Retype exactly the lines below, beginning with the first and ending with the line where "Шапка 3D Супер босс - фото 2" appears.
___ DATASET RECORDS
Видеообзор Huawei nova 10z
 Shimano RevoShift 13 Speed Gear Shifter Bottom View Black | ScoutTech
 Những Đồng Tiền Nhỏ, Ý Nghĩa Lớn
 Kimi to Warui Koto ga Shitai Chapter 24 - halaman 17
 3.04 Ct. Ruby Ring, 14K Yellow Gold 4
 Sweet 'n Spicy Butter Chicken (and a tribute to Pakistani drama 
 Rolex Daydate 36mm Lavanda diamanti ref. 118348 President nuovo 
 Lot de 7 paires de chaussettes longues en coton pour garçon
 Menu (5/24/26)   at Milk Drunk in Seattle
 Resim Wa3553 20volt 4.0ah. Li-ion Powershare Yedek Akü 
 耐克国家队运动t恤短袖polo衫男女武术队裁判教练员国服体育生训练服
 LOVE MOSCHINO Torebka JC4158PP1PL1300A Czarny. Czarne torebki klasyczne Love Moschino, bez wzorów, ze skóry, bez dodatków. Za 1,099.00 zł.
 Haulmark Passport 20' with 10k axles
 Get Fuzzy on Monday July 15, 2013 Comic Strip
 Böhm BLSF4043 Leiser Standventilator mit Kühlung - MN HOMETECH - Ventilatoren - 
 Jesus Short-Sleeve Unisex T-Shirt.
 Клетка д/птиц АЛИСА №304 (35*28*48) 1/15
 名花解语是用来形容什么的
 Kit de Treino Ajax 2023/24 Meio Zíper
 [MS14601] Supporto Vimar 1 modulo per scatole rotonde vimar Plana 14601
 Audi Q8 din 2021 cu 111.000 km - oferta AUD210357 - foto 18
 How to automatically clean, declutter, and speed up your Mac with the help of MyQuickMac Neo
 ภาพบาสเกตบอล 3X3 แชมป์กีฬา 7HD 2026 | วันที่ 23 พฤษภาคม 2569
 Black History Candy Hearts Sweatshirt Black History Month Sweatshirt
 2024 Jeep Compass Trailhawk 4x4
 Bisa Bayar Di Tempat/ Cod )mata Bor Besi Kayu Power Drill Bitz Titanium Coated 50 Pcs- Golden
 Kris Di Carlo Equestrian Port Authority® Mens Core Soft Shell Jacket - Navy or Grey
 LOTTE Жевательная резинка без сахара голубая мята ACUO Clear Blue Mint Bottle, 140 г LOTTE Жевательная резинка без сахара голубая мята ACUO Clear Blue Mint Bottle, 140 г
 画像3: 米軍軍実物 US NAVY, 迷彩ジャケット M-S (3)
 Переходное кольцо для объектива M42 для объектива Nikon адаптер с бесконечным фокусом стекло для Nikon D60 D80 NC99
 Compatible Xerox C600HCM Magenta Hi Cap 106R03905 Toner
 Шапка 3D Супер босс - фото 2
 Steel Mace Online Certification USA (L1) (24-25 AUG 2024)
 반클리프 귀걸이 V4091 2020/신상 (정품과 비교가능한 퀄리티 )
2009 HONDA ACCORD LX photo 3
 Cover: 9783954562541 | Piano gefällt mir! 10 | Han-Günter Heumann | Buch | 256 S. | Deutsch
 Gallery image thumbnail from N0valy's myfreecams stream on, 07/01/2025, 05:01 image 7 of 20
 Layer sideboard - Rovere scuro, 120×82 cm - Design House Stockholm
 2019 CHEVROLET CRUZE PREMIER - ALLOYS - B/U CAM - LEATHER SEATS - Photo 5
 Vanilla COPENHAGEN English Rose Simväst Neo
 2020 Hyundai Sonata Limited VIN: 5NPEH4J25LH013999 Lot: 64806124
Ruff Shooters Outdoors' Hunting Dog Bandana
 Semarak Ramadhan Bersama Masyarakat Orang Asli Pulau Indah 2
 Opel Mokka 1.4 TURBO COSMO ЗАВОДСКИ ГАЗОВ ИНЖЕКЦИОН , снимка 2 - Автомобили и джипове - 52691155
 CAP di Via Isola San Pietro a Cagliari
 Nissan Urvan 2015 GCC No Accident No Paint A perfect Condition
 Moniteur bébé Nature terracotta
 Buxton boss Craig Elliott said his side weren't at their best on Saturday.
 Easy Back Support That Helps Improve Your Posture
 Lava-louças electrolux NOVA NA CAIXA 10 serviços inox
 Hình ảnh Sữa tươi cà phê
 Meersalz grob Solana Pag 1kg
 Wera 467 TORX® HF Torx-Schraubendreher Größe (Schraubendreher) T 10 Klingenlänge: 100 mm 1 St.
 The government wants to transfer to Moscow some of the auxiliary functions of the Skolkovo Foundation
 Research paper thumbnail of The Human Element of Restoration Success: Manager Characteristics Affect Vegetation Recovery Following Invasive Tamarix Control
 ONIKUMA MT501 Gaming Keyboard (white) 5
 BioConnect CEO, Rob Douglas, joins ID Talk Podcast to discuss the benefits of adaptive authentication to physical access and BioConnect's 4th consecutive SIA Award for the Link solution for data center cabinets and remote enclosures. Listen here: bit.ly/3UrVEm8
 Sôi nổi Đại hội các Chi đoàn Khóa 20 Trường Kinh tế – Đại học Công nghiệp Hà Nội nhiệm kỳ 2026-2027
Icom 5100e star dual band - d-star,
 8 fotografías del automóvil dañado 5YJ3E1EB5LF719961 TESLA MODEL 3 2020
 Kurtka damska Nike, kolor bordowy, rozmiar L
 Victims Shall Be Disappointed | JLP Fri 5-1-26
______
--- RESULT OF THE TASK ---
Видеообзор Huawei nova 10z
 Shimano RevoShift 13 Speed Gear Shifter Bottom View Black | ScoutTech
 Những Đồng Tiền Nhỏ, Ý Nghĩa Lớn
 Kimi to Warui Koto ga Shitai Chapter 24 - halaman 17
 3.04 Ct. Ruby Ring, 14K Yellow Gold 4
 Sweet 'n Spicy Butter Chicken (and a tribute to Pakistani drama 
 Rolex Daydate 36mm Lavanda diamanti ref. 118348 President nuovo 
 Lot de 7 paires de chaussettes longues en coton pour garçon
 Menu (5/24/26)   at Milk Drunk in Seattle
 Resim Wa3553 20volt 4.0ah. Li-ion Powershare Yedek Akü 
 耐克国家队运动t恤短袖polo衫男女武术队裁判教练员国服体育生训练服
 LOVE MOSCHINO Torebka JC4158PP1PL1300A Czarny. Czarne torebki klasyczne Love Moschino, bez wzorów, ze skóry, bez dodatków. Za 1,099.00 zł.
 Haulmark Passport 20' with 10k axles
 Get Fuzzy on Monday July 15, 2013 Comic Strip
 Böhm BLSF4043 Leiser Standventilator mit Kühlung - MN HOMETECH - Ventilatoren - 
 Jesus Short-Sleeve Unisex T-Shirt.
 Клетка д/птиц АЛИСА №304 (35*28*48) 1/15
 名花解语是用来形容什么的
 Kit de Treino Ajax 2023/24 Meio Zíper
 [MS14601] Supporto Vimar 1 modulo per scatole rotonde vimar Plana 14601
 Audi Q8 din 2021 cu 111.000 km - oferta AUD210357 - foto 18
 How to automatically clean, declutter, and speed up your Mac with the help of MyQuickMac Neo
 ภาพบาสเกตบอล 3X3 แชมป์กีฬา 7HD 2026 | วันที่ 23 พฤษภาคม 2569
 Black History Candy Hearts Sweatshirt Black History Month Sweatshirt
 2024 Jeep Compass Trailhawk 4x4
 Bisa Bayar Di Tempat/ Cod )mata Bor Besi Kayu Power Drill Bitz Titanium Coated 50 Pcs- Golden
 Kris Di Carlo Equestrian Port Authority® Mens Core Soft Shell Jacket - Navy or Grey
 LOTTE Жевательная резинка без сахара голубая мята ACUO Clear Blue Mint Bottle, 140 г LOTTE Жевательная резинка без сахара голубая мята ACUO Clear Blue Mint Bottle, 140 г
 画像3: 米軍軍実物 US NAVY, 迷彩ジャケット M-S (3)
 Переходное кольцо для объектива M42 для объектива Nikon адаптер с бесконечным фокусом стекло для Nikon D60 D80 NC99
 Compatible Xerox C600HCM Magenta Hi Cap 106R03905 Toner
 Шапка 3D Супер босс - фото 2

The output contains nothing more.